Magor Csibi of the WWF charms me with stories of the old days in Romania when we had a more harmonious relationship with nature. In his grandfather's day, he says, villagers only cut down trees in February, and only when the moon cycle was right. They did it when snow lay on the ground so that there was no danger of soil erosion.
“They used to say a prayer, asking the tree for forgiveness and they only cut as much wood as they needed. Now we cut hundreds, or even thousands, of hectares in a few days.
Chris Cummins
Trees Not Trump
I find the struggle for survival of Europe’s last forests of vital importance. And yet this story, an ecological crisis, also faces a struggle to survive in our news agendas. Who cares about a Romanian forest in a year of Brexit, terror, US elections and economic crisis?

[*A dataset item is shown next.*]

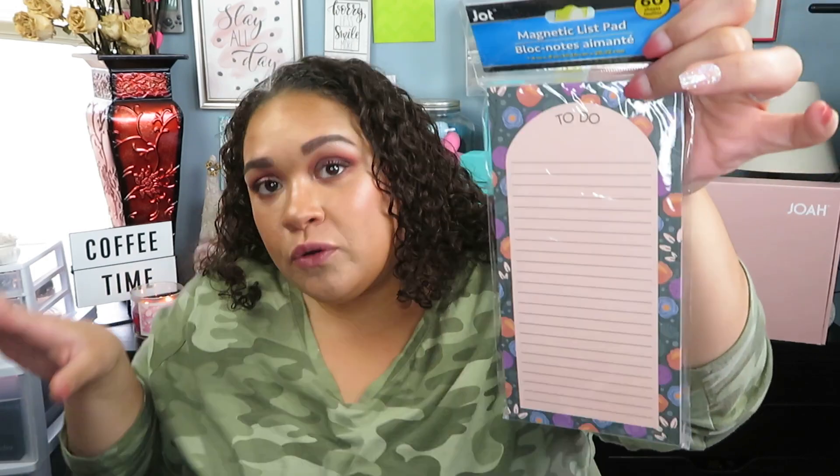Another thing I frequent at the Dollar Tree — and I'll be honest, I did not need these — but they were so cute. I was a good girl, I only picked up one because if Nick saw the stack of these that is on top of the refrigerator... oh, I just told on myself. Sorry honey. Anyways, he would not be happy. These are their magnetic list pads. I thought this one was really cute and it's actually a to-do list, unlike the other ones which are mostly shopping lists. So I had to have this one.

You clicked on this story: you care but you are, sadly, in a minority. Environmental stories are notoriously hard to sell. It shouldn’t be this way, says Csibi
“We should care because we have Brexit, because we have Donald Trump, because we have the Greek crisis and because really soon we will realize that everything – the economic model, the way we are thinking and the way we have structured our society - is not working.”
Inspiration in Nature
He says that as we realize that we are short of resources, our only inspiration can be to look back to the co-independence of nature represented in the forest still untouched by human intervention:
“The only way to understand a better model will be from nature, and to study that model we have to go back to where nature still functions.”